毎月公開される新作映画は、洋画に限っても平均40本以上!限られた時間の中でどれを見ようか迷ってしまうことが多いかも。そんなときはぜひこのコーナーを参考に。スクリーン編集部が“最高品質”の映画を厳選し、今見るべき一本をオススメします。今月の映画は世界的絵本作家ジュディス・カーの自伝的小説を映画化した「ヒトラーに盗られたうさぎ」です。

編集部レビュー(後半)

子供目線で見る歴史では描かれない戦争

画像: 子供目線で見る歴史では描かれない戦争

ドイツの絵本作家ジュディス・カーの自伝的児童文学を映画化した本作。子供目線で描かれる“戦争”は私たちの知る歴史とは少し違うのかもしれません。

一家亡命という過酷な状況でも、学校を休みたくないと駄々をこねたり、慣れ親しんだ家具一つ一つにさよならを告げたり。子供らしい行動を丁寧に描く演出が、幼少期の記憶を引き戻し、自分の目線も変わっていくのを感じるのは不思議な感覚でした。
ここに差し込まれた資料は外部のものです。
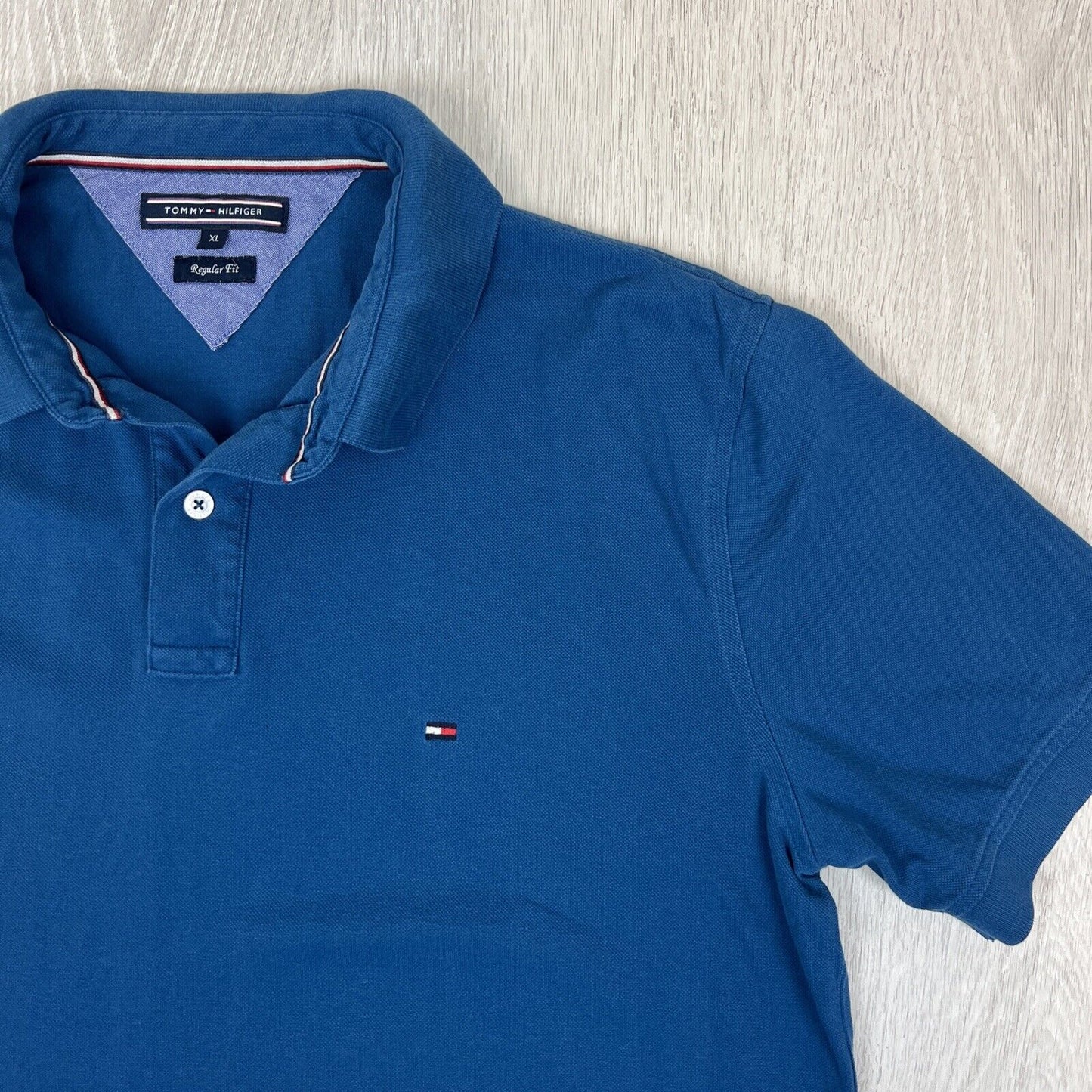 Tommy Hilfiger Mens Blue Short Sleeve Polo Shirt Size XL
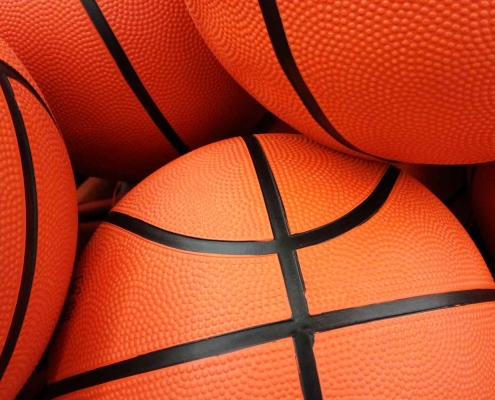 close up of a basketball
状況は違いますが、通常とは違う生活を強いられる今の時代も、子供は大人の心配を他所に逞しく生きているのかもしれません。本作でも別れを乗り越えながらも、愛情深い両親のもと前向きにのびのびと育っていく主人公の姿はこちらまで元気になるほど。どんな時代であっても、子供たちにとっては決して悲惨ではなかったのだと教えてくれるような気がします。

レビュワー:阿部知佐子
主役を演じる女の子が魅力的。編集部でクロエ・グレース・モレッツ似かジュリエット・ビノシュ似か論争が!? とにかく将来期待大です。

前向きに生きる一家の柔軟性が素敵

ドイツの絵本作家の実体験が原作で、ヒトラーの支配が強まるドイツからユダヤ人一家が亡命する…と書くと悲壮感漂う戦争もののように感じますが、本作は収容所も兵隊も爆弾も出てきません。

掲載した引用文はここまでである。